** AIM OF THE TASK **
Print the data that follows word for word, leaving out any picture.

** THE DATA **

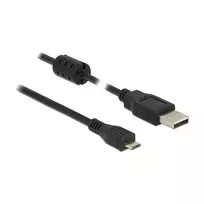USB laidas DeLOCK 1m USB 2.0-A Micro-B juodas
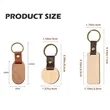 Leather Wooden Keychain Blanks Wood Rings Key Tags | https://www.bestnamebadges.com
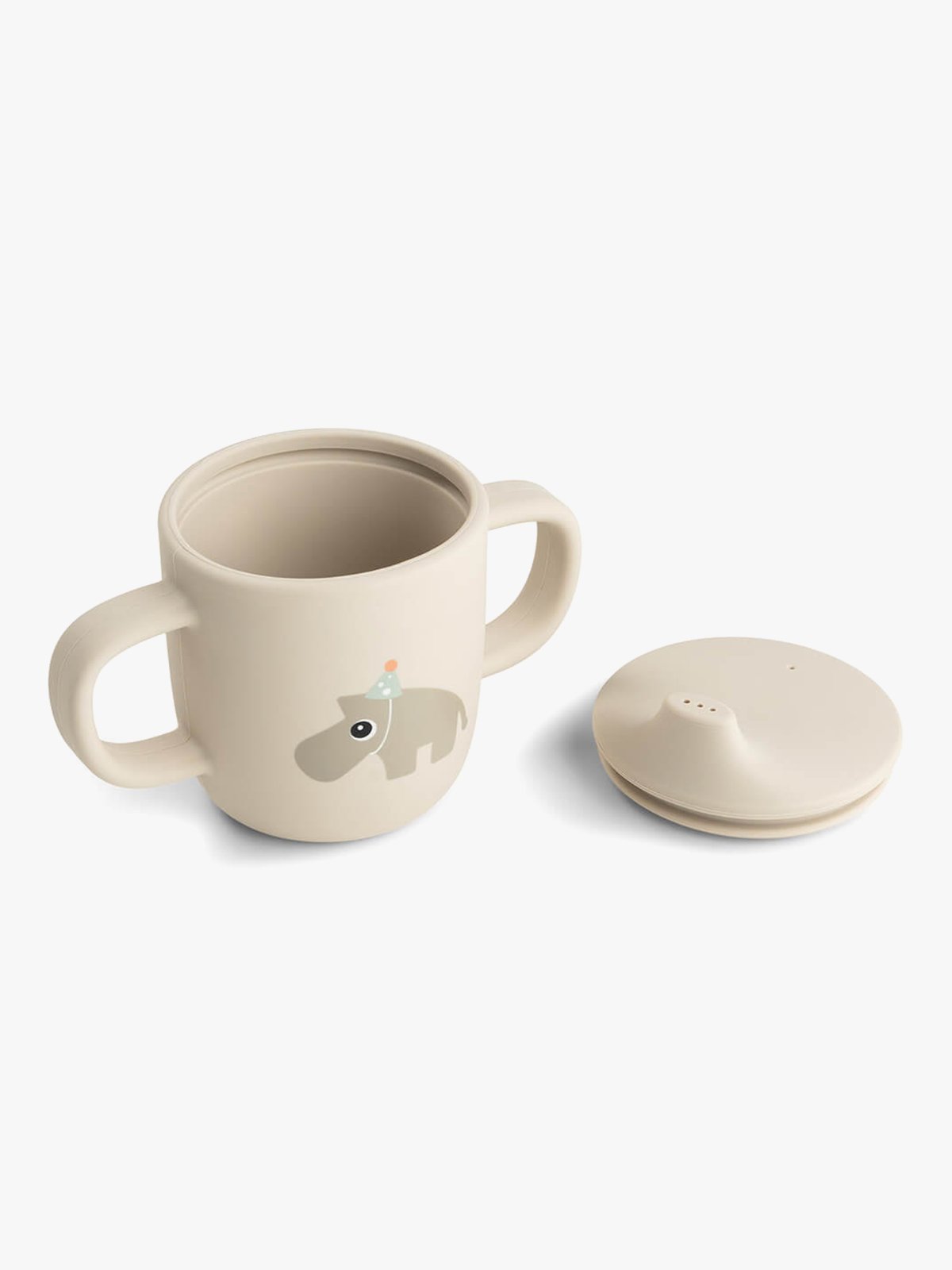 Done by Deer Silicone spout cup 2-handle Celebration Sand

** EXERCISE SOLUTION **
USB laidas DeLOCK 1m USB 2.0-A Micro-B juodas
 Leather Wooden Keychain Blanks Wood Rings Key Tags | https://www.bestnamebadges.com
 Done by Deer Silicone spout cup 2-handle Celebration Sand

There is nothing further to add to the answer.